About this exercise: Write out again, exactly, the lines below starting at the one with "chuva estrelas, meteoros, céu" and ending at the one with "Santa Prank Call: Fake video Screenshot 1".

Saved entries:

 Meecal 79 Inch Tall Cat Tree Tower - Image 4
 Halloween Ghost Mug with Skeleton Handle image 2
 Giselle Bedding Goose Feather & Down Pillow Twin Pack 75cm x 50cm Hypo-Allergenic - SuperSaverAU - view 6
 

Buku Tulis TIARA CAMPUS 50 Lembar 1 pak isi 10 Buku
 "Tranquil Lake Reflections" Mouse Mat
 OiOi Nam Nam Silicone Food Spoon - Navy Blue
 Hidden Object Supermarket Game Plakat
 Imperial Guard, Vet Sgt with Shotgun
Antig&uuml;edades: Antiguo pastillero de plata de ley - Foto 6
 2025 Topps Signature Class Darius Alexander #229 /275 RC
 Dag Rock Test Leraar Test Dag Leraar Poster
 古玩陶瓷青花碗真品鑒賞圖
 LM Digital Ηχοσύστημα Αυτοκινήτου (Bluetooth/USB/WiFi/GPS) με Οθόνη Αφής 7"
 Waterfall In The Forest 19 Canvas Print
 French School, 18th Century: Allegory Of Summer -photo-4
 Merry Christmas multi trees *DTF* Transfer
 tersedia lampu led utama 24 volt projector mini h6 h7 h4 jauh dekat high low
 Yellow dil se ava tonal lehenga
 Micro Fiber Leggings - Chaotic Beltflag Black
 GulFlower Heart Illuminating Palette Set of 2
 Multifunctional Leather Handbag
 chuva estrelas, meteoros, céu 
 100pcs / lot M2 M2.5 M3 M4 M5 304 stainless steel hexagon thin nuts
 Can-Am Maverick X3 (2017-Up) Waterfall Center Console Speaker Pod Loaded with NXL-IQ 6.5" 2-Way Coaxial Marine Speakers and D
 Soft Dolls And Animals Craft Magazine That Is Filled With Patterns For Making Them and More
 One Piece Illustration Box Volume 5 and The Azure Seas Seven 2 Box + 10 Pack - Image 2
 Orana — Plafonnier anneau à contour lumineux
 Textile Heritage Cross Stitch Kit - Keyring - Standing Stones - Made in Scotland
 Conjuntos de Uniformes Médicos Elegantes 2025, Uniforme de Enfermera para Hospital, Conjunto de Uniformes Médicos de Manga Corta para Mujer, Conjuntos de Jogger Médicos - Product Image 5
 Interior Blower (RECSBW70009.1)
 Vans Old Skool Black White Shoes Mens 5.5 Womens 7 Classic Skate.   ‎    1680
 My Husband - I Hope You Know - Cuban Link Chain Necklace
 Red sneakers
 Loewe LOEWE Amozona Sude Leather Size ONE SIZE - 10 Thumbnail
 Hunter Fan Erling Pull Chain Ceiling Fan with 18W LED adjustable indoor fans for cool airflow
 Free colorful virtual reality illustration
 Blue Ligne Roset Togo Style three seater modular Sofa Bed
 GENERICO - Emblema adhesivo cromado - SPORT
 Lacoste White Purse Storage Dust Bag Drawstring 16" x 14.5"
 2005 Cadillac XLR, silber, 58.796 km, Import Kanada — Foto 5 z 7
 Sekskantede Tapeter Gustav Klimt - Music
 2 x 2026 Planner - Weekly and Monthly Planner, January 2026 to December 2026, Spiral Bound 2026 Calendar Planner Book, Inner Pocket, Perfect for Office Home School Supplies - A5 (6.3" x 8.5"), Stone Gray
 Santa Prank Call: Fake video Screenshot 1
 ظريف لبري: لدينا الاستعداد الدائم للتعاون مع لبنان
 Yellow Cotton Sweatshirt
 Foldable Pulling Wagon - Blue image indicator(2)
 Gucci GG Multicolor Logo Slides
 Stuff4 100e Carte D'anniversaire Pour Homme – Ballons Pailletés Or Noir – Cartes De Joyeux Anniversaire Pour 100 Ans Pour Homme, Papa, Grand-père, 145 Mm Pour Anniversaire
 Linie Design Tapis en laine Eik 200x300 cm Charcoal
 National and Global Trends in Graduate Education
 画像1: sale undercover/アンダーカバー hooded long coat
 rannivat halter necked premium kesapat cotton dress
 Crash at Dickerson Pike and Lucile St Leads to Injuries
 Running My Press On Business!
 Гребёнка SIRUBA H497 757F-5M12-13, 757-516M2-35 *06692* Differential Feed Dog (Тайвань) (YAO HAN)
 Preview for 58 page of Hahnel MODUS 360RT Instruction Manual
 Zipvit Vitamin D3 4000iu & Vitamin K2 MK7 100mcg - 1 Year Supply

Solution to this problem:
 chuva estrelas, meteoros, céu 
 100pcs / lot M2 M2.5 M3 M4 M5 304 stainless steel hexagon thin nuts
 Can-Am Maverick X3 (2017-Up) Waterfall Center Console Speaker Pod Loaded with NXL-IQ 6.5" 2-Way Coaxial Marine Speakers and D
 Soft Dolls And Animals Craft Magazine That Is Filled With Patterns For Making Them and More
 One Piece Illustration Box Volume 5 and The Azure Seas Seven 2 Box + 10 Pack - Image 2
 Orana — Plafonnier anneau à contour lumineux
 Textile Heritage Cross Stitch Kit - Keyring - Standing Stones - Made in Scotland
 Conjuntos de Uniformes Médicos Elegantes 2025, Uniforme de Enfermera para Hospital, Conjunto de Uniformes Médicos de Manga Corta para Mujer, Conjuntos de Jogger Médicos - Product Image 5
 Interior Blower (RECSBW70009.1)
 Vans Old Skool Black White Shoes Mens 5.5 Womens 7 Classic Skate.   ‎    1680
 My Husband - I Hope You Know - Cuban Link Chain Necklace
 Red sneakers
 Loewe LOEWE Amozona Sude Leather Size ONE SIZE - 10 Thumbnail
 Hunter Fan Erling Pull Chain Ceiling Fan with 18W LED adjustable indoor fans for cool airflow
 Free colorful virtual reality illustration
 Blue Ligne Roset Togo Style three seater modular Sofa Bed
 GENERICO - Emblema adhesivo cromado - SPORT
 Lacoste White Purse Storage Dust Bag Drawstring 16" x 14.5"
 2005 Cadillac XLR, silber, 58.796 km, Import Kanada — Foto 5 z 7
 Sekskantede Tapeter Gustav Klimt - Music
 2 x 2026 Planner - Weekly and Monthly Planner, January 2026 to December 2026, Spiral Bound 2026 Calendar Planner Book, Inner Pocket, Perfect for Office Home School Supplies - A5 (6.3" x 8.5"), Stone Gray
 Santa Prank Call: Fake video Screenshot 1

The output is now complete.